▸ What the task asks:
Only the lines from the one with "Keyboard / Клавиатура" to the end of the data below should be returned, each exactly as it stands.

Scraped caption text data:
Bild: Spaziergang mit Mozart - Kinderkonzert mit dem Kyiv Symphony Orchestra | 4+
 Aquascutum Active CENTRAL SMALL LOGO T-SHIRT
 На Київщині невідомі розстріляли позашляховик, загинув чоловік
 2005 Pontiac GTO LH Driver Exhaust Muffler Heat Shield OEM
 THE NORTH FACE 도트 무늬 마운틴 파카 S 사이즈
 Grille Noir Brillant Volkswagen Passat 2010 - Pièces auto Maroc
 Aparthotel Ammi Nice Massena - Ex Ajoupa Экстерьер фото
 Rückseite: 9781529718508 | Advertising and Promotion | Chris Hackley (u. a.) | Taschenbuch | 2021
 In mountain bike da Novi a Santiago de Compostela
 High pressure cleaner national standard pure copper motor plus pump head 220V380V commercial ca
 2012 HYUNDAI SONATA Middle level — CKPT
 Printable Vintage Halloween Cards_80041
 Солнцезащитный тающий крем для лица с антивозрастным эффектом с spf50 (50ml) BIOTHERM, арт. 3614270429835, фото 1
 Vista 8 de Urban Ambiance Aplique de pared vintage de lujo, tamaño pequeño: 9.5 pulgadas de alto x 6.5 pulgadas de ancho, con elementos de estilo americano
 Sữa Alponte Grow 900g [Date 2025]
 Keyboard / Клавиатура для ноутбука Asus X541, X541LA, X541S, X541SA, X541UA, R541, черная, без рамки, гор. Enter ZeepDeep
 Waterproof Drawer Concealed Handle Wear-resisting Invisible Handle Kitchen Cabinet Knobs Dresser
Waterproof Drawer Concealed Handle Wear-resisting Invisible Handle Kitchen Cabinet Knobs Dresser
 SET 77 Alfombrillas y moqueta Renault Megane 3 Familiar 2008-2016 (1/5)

▸ Task answer:
 Keyboard / Клавиатура для ноутбука Asus X541, X541LA, X541S, X541SA, X541UA, R541, черная, без рамки, гор. Enter ZeepDeep
 Waterproof Drawer Concealed Handle Wear-resisting Invisible Handle Kitchen Cabinet Knobs Dresser
Waterproof Drawer Concealed Handle Wear-resisting Invisible Handle Kitchen Cabinet Knobs Dresser
 SET 77 Alfombrillas y moqueta Renault Megane 3 Familiar 2008-2016 (1/5)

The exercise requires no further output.